::: Data extracts :::

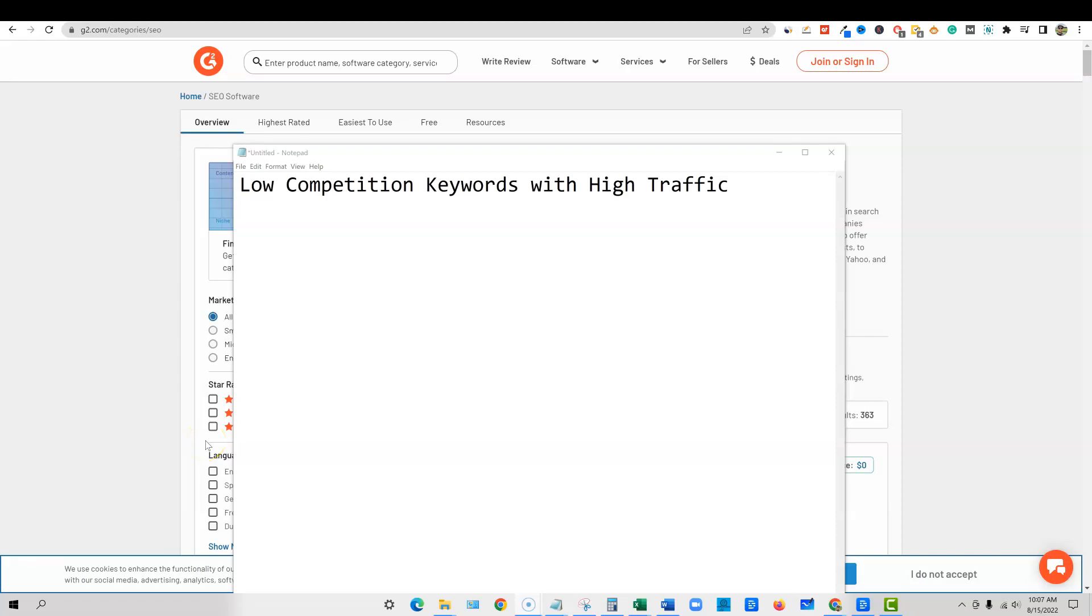Welcome back to teach me money methods. In this video, I'm going to be showing you a really cool software that will allow you to find those low competition keywords with high traffic volume.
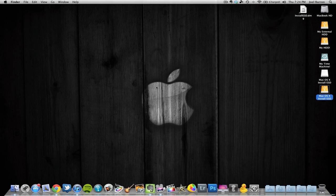Now we're ready to do our clean install. But before you do, make sure you have all your things backed up — your documents, music, everything you want to have back — because we will be doing a fresh install, meaning it will erase your whole hard drive and everything on it.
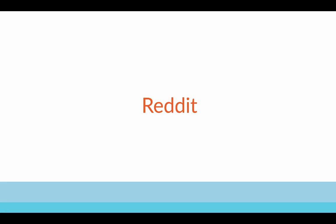In this lecture we're going to talk about how to leverage the power of Reddit to promote your lead magnet and eventually your online course. I'm going to show you exactly how to do it.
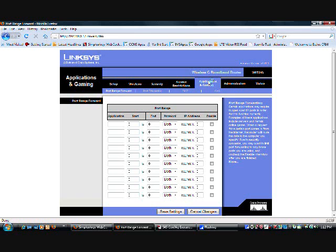Once you've done that, it'll ask you for a username and password, and the default username and password is adminadmin.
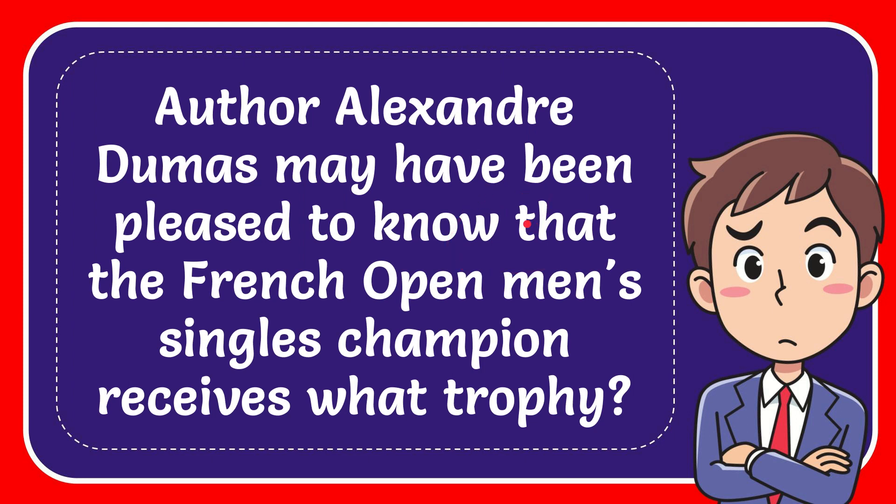In this video I'm going to give you the answer to this question. The question is, Arthur Alexandre Dumas may have been pleased to know that the French Open Men's Singles Champion receives what trophy?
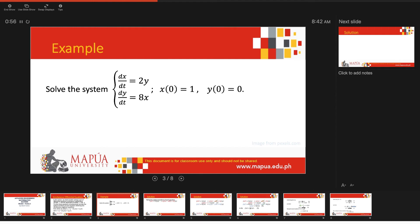Let's consider these two differential equations subject to initial conditions: x(0) = 1, meaning when t = 0 the value of x is 1, and y(0) = 0.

:::

Write out verbatim the lines from the one containing "In this lecture" through the last line of the listing above, and no other lines; omit pictures.

In this lecture we're going to talk about how to leverage the power of Reddit to promote your lead magnet and eventually your online course. I'm going to show you exactly how to do it.
Once you've done that, it'll ask you for a username and password, and the default username and password is adminadmin.
In this video I'm going to give you the answer to this question. The question is, Arthur Alexandre Dumas may have been pleased to know that the French Open Men's Singles Champion receives what trophy?
Let's consider these two differential equations subject to initial conditions: x(0) = 1, meaning when t = 0 the value of x is 1, and y(0) = 0.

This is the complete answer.